# Records to use:
:::::

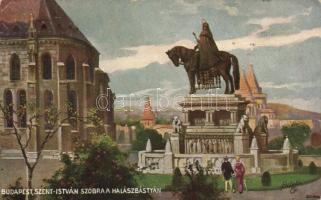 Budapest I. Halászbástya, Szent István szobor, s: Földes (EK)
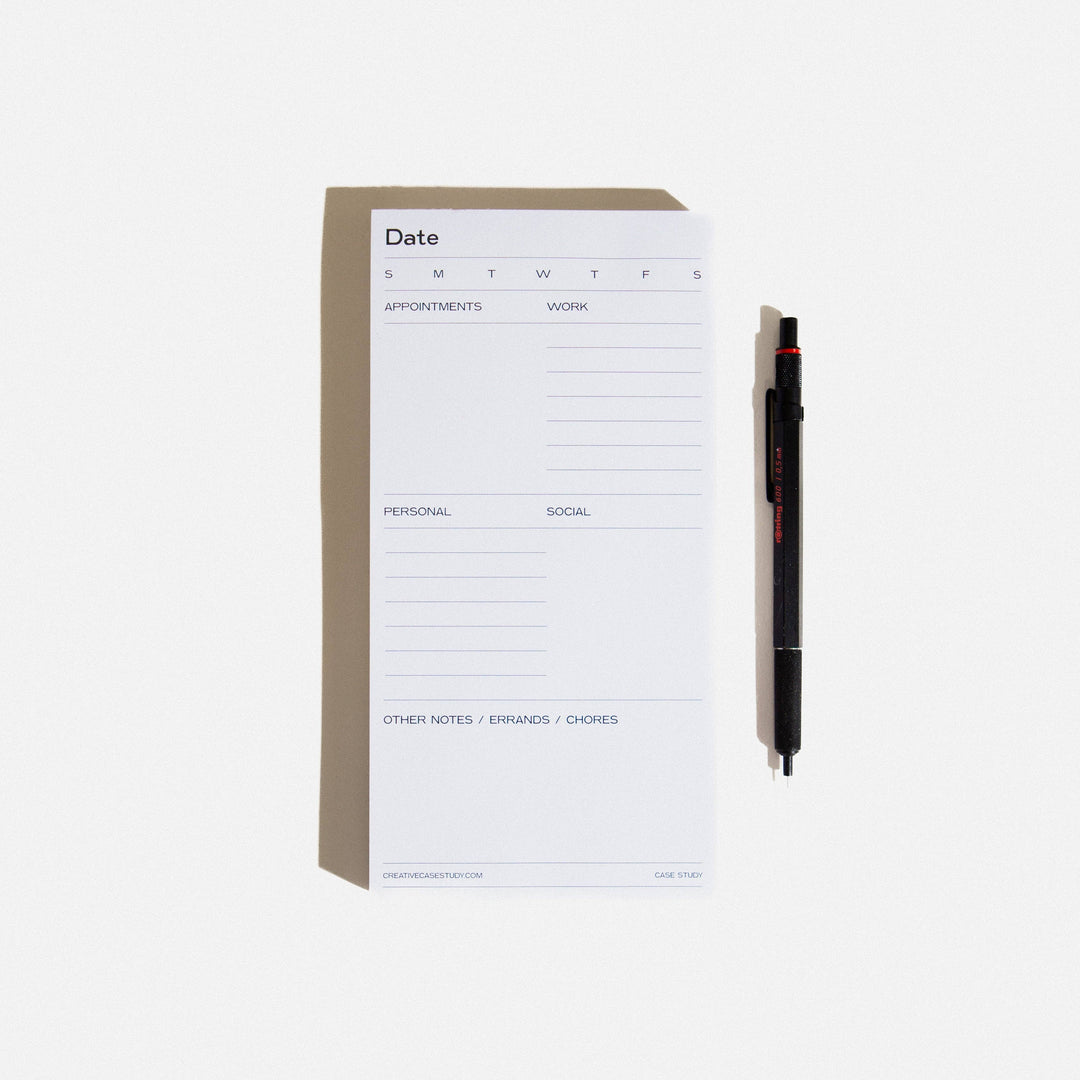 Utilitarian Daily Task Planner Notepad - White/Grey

:::::

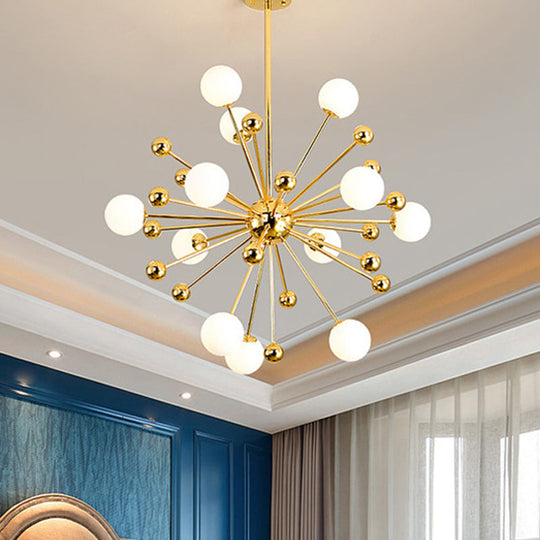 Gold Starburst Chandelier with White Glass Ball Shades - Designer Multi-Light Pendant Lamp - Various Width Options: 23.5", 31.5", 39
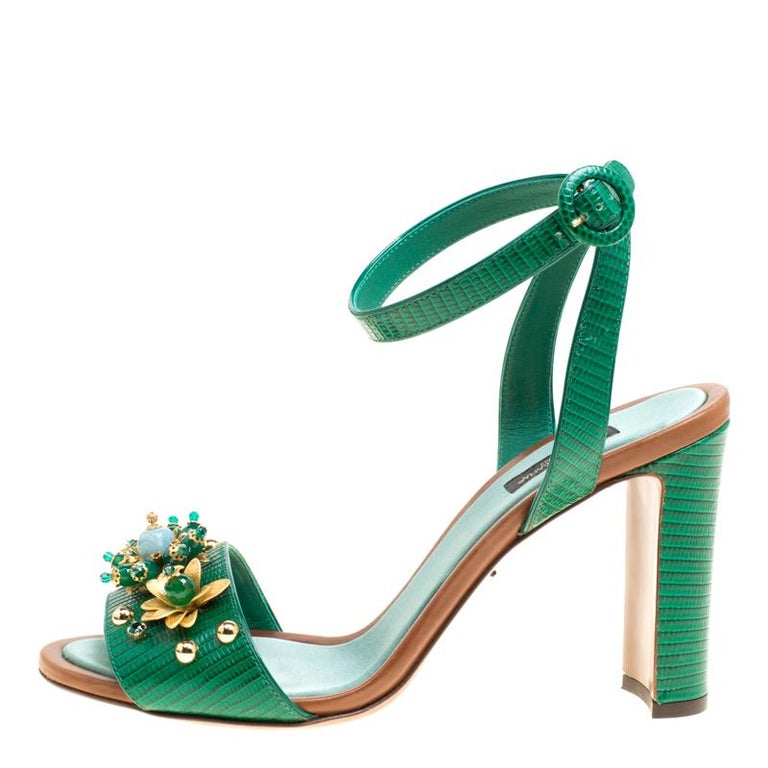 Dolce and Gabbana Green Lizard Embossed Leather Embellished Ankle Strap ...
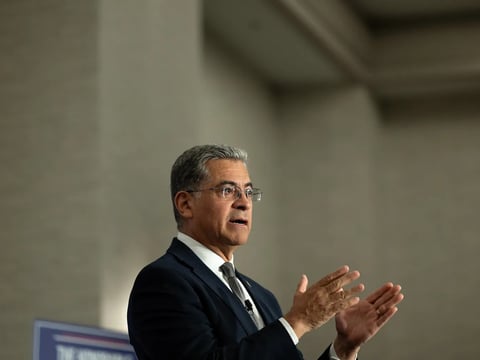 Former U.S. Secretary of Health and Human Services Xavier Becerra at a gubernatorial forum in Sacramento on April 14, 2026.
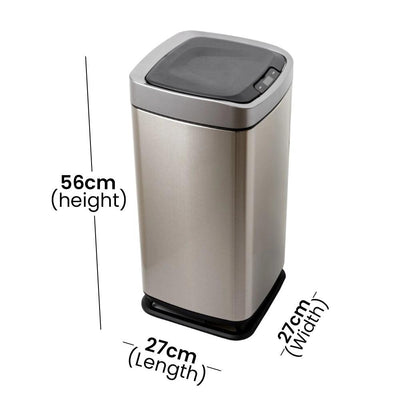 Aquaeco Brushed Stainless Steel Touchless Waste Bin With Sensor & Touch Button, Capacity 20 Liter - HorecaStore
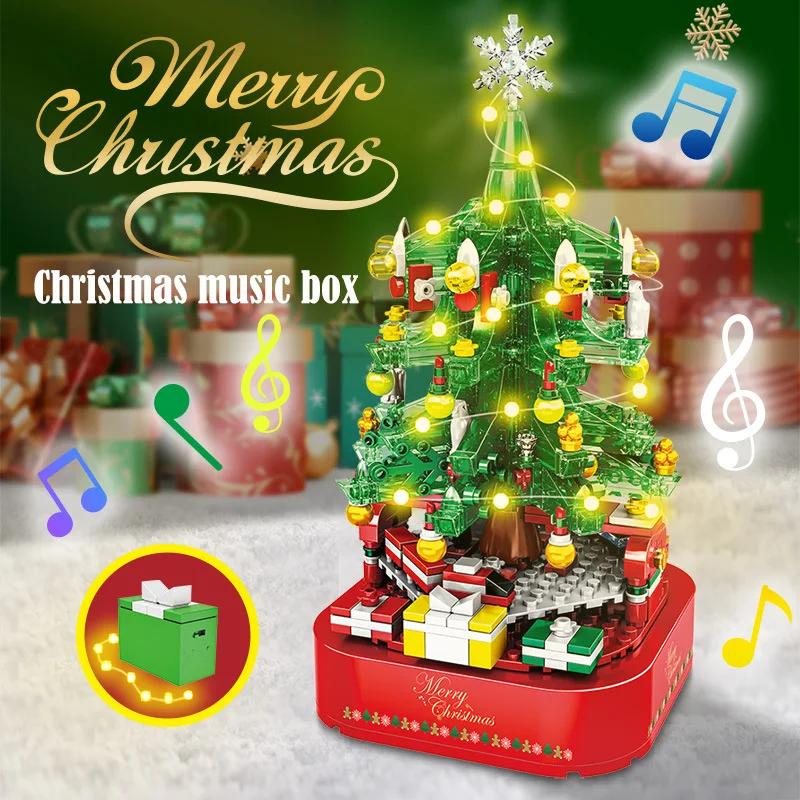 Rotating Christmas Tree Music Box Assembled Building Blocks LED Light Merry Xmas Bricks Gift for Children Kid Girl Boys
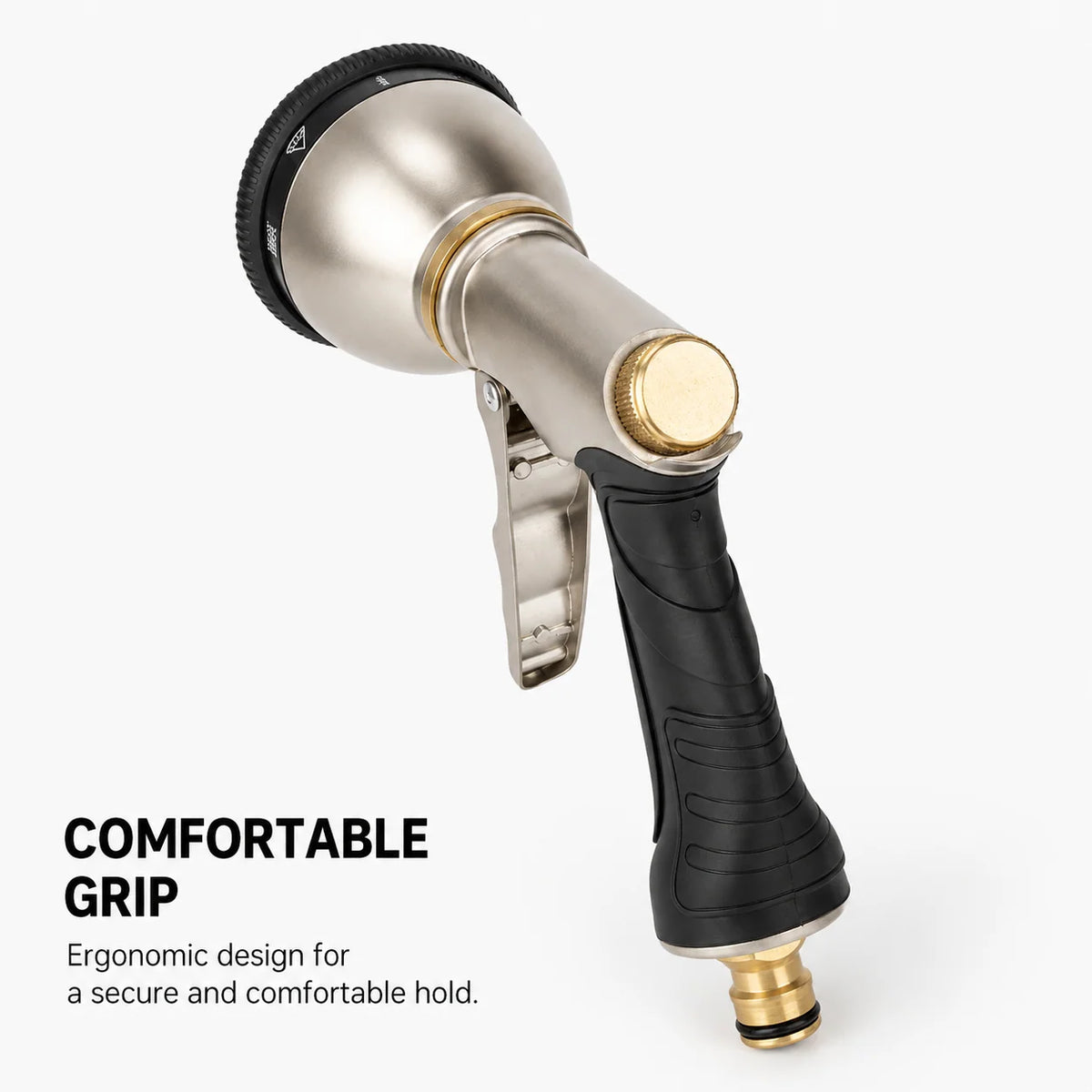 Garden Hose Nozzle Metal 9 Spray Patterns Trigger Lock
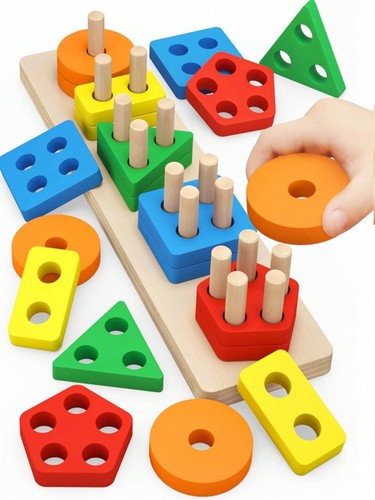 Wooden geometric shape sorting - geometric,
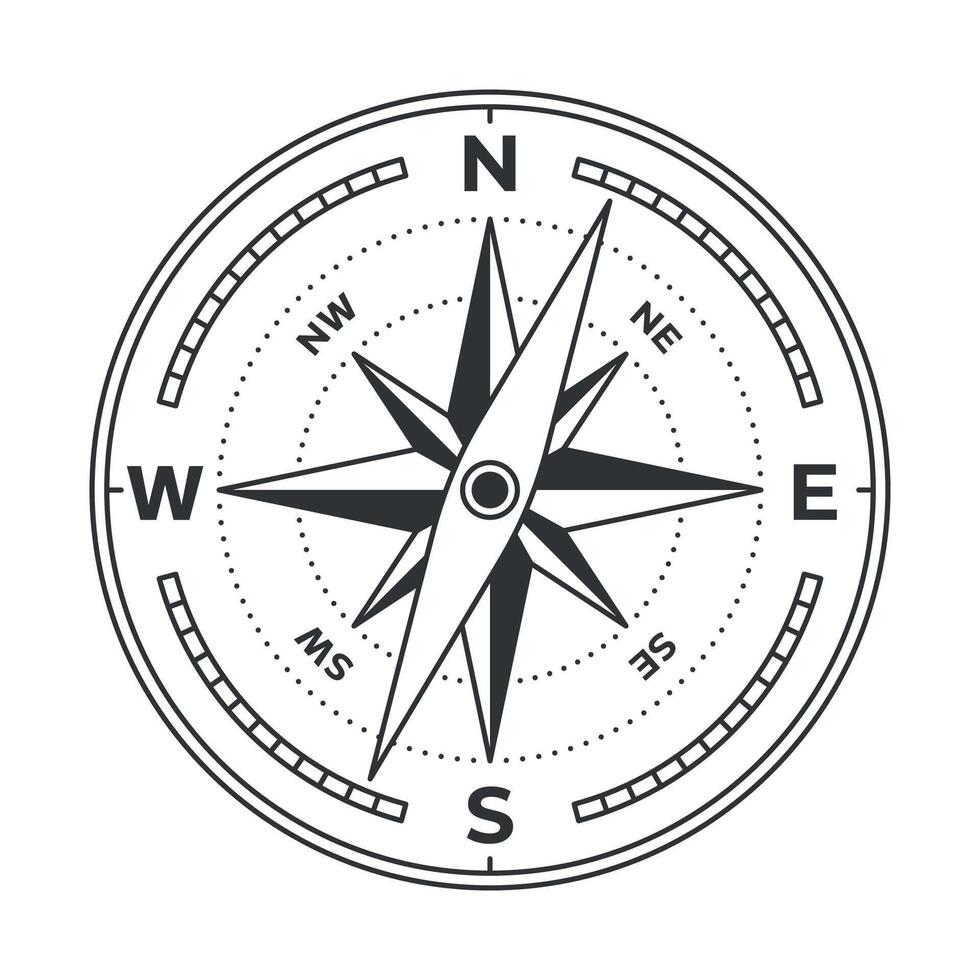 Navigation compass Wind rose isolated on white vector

:::::

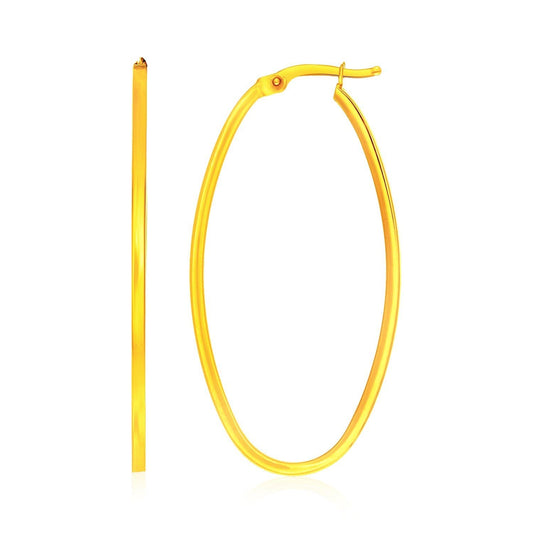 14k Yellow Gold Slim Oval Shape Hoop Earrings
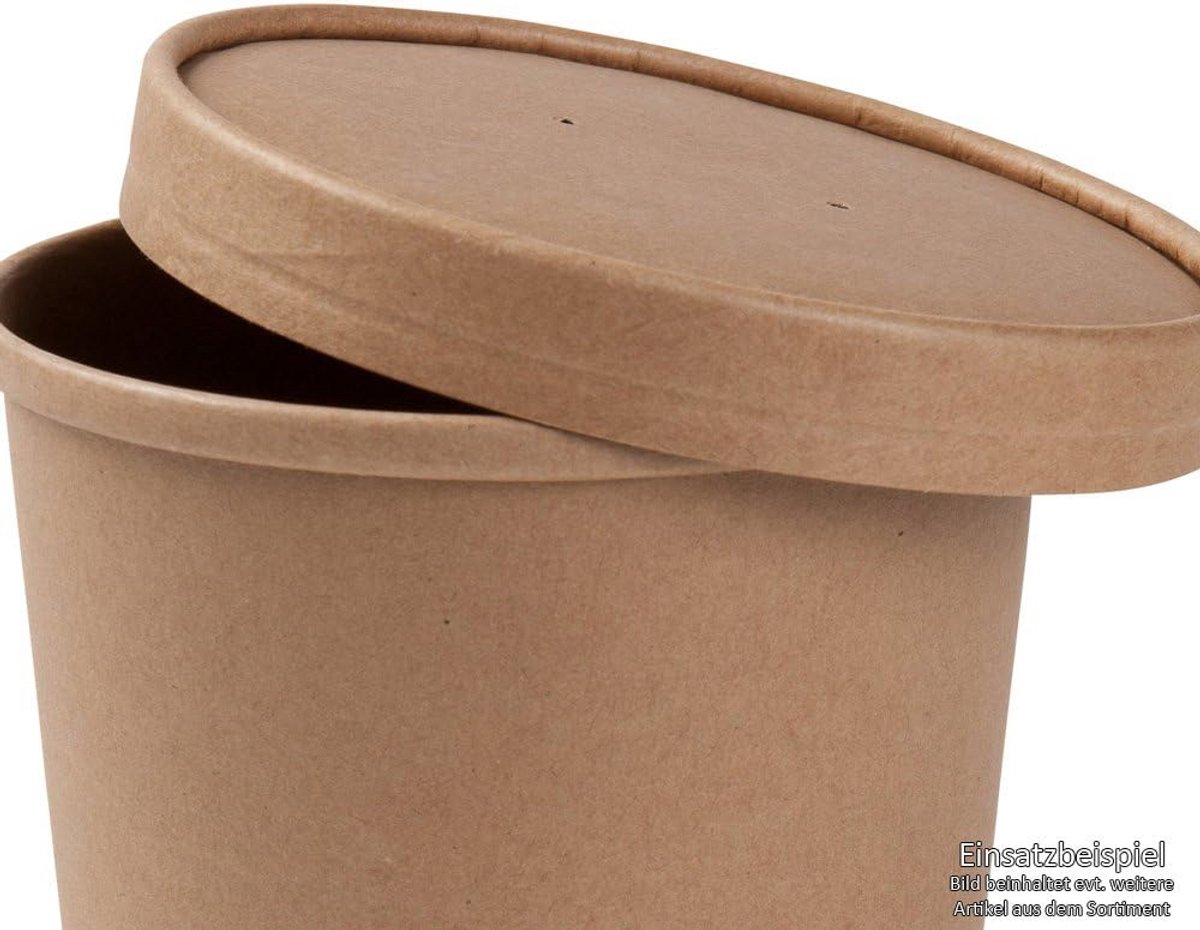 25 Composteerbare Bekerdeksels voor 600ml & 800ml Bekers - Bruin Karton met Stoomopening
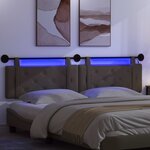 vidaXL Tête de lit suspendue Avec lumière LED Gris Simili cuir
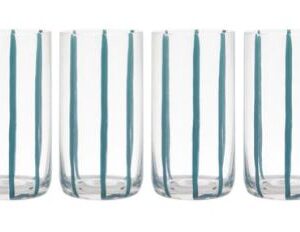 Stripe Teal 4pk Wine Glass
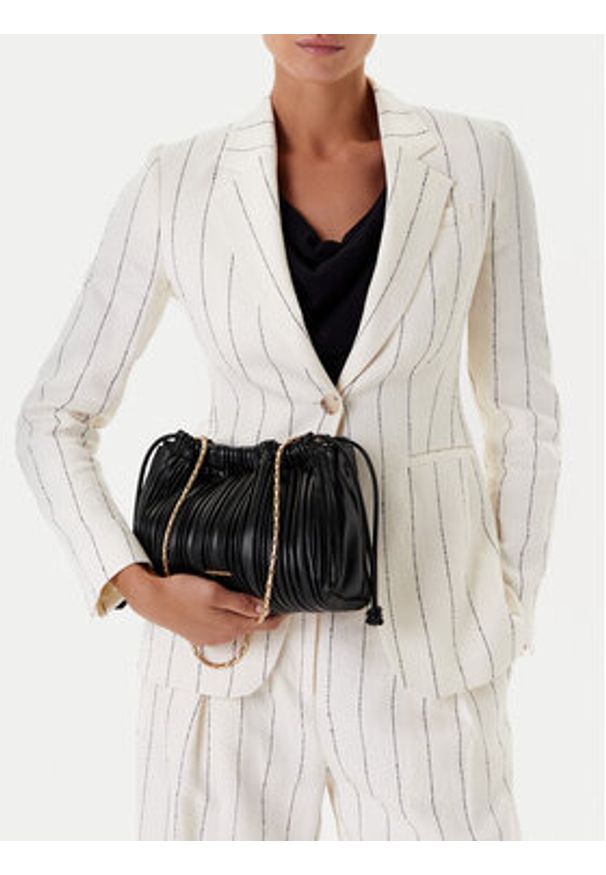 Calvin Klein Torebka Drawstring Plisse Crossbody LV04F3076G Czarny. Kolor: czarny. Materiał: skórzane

:::::

# Your task:
With the pictures omitted, restate word for word the lines above from the line that has "Dolce and Gabbana" up to and including the line that has "Garden Hose Nozzle", and no other lines.

# Expected output:
 Dolce and Gabbana Green Lizard Embossed Leather Embellished Ankle Strap ...
 Former U.S. Secretary of Health and Human Services Xavier Becerra at a gubernatorial forum in Sacramento on April 14, 2026.
 Aquaeco Brushed Stainless Steel Touchless Waste Bin With Sensor & Touch Button, Capacity 20 Liter - HorecaStore
 Rotating Christmas Tree Music Box Assembled Building Blocks LED Light Merry Xmas Bricks Gift for Children Kid Girl Boys
 Garden Hose Nozzle Metal 9 Spray Patterns Trigger Lock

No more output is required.